Statutory provisions concerning unjust strata by-laws receive judicial consideration

1 March 2024

In a decision of interest for strata law practitioners, this week the NSW Supreme Court (Elkaim J) published its decision in Perpetual Corporate Trust Ltd v Owners Corporation SP6534; El Khouri v Owners Corporation SP6534 [2024] NSWSC 173, concerning unjust by-laws; exclusive use rights over common property; and maintenance obligations.

The proceedings concerned a penthouse apartment in Sydney with panoramic harbour views. A strata by-law provided conditional exclusive use rights of the balconies and rooftop which in practice could only be accessed from the penthouse. Those conditions included maintenance and repair work obligations in respect of the balconies and roof. If the work was not completed by a specified date then a sunset clause would dissolve the exclusive use rights. The rights materially impacted the value of the lot.

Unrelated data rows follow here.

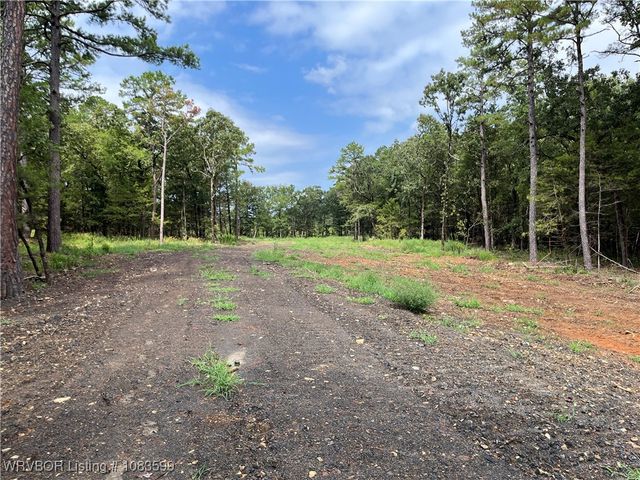 TBD 0035 Goats Bluff, Wister, OK 74966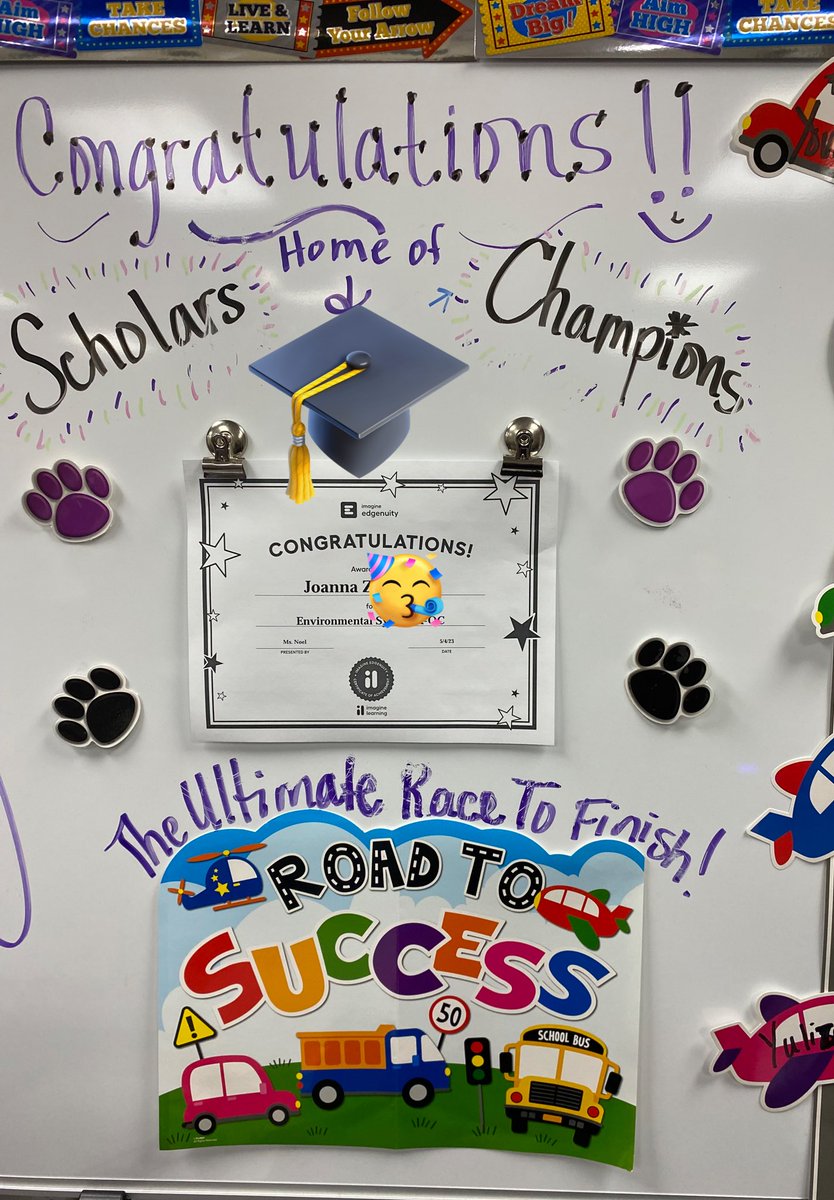 RPHS_OLAB's tweet image. It’s #OLAB #ThursdayTwitterTime to a #TaskDriven countdown! 1️⃣, 2️⃣,3️⃣…getting it done can be easy…if you work diligently! 💻🙌🏼 #Terrific 🎊 Congratulations to Joanna, Rubin, Robert, and Aubrey A.! 🎉🥳👏🏼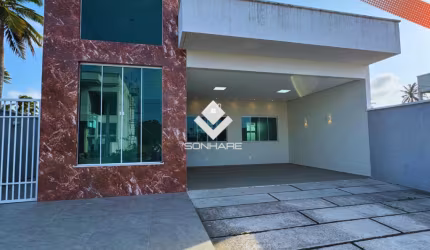 SEU NOVO LAR TE ESPERA COM CONFORTO, PRATICIDADE E QUALIDADE DE VIDA!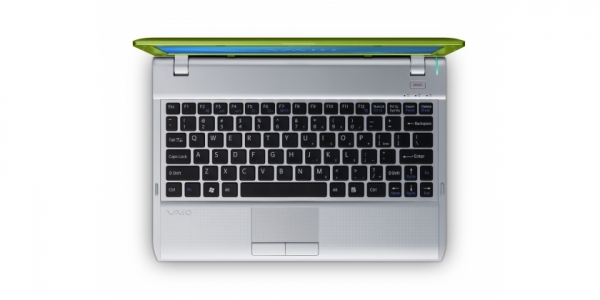 Sony VAIO YB2 — фото 8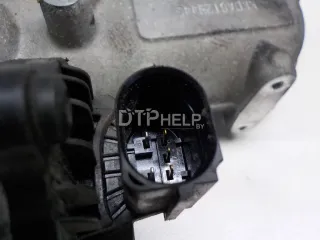 1563296 Коллектор впускной Ford Orion Арт AM52265150, вид 6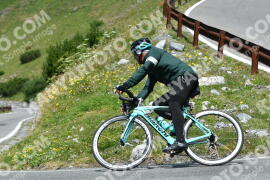Photo #2365346 | 21-07-2022 12:58 | Passo Dello Stelvio - Waterfall curve BICYCLES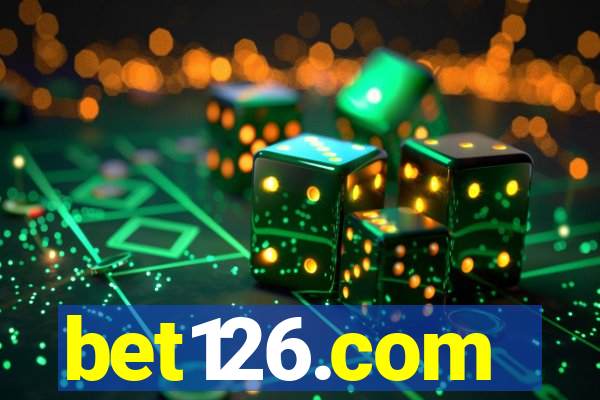 bet126.com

The principal issues were whether the work had been performed in accordance with the by-law and the validity of the sunset clause. His Honour concluded that although the maintenance and repair works had not been performed strictly in accordance with the by-law, the sunset clause extinguishing the exclusive use rights was an unjust by-law under s149 of the Strata Schemes Management Act. This was because, balancing the interests of lot holders, the outdoor areas were an "intrinsic characteristic" to ownership of the penthouse, other lot holders had no expectation of using them, and the exclusive use of the outdoor areas significantly affected the value of the penthouse.

This is one of the first cases to consider the operation of s149.

Darrell Barnett
(stepping in for Madeline Hall who was unavailable for the hearing) and Hannah Robinson appeared for Perpetual Corporate Trust, the Mortgagee in possession of the penthouse. They were instructed by Travis Toemoe, Laurice Elten and Minal Chelliah of King & Wood Mallesons.